Come meet the poster presenters to ask them questions and discuss their work
Check the programme for our poster viewing moments. For more details on each poster, click on the poster titles to read the abstract. On Wednesday, 6 April at 15:30-16:15, join us on Level 3 of the Conference area for the Poster Awards!
PO146: Waking up to the current task of turbine interaction modelling
Joel Manning, Principal Specialist and R&D Lead, K2 Management
Post-modelling adjustments to industry standard turbine interaction models to account for the observed under-prediction of turbine interaction effects, generally attributed to upwind effects or the “blockage effect”, is now commonplace. As RANS CFD turbine interaction modelling remains prohibitively expensive in most situations, this is a valid approach that provides clear improvement in agreement with production data. However, as post-modelling adjustments have been derived in the past, many current methods are often an amalgamation of multiple post-modelling adjustments. These compounded adjustments create a risk that the specific application and detail of the modelling is lost which reduces transparency and could lead to some situations being poorly modelled. K2M here investigates the impact of varying the components which make up commonly applied turbine interaction modelling approaches.
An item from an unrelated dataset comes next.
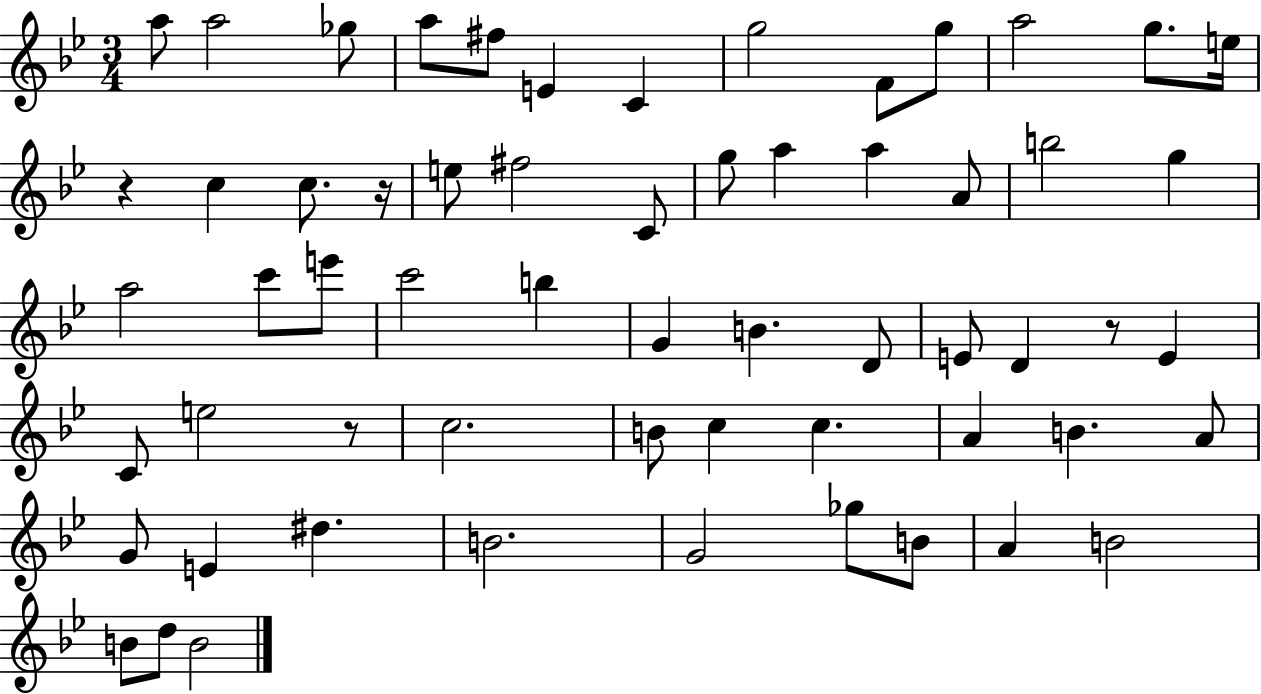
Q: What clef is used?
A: treble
A range of turbine interaction models have been run with a number of wind speed deficit models, e.g. PARK, but also other aspects such as the ground, superposition and upwind models, many of which are often hard-coded within commonly applied software packages. All modelling results are compared to an extensive validation dataset of over 20 offshore wind farms, representing over 7GW of installed capacity. This extensive comparison with real-world data across a range of modelling methods reveals which factors, that are readily available and commercially applicable, have an impact on turbine interaction modelling accuracy. Consideration of these results suggests that more physically representative turbine interaction modelling provides increased accuracy and reduces need for post-modelling adjustment without significantly increasing cost.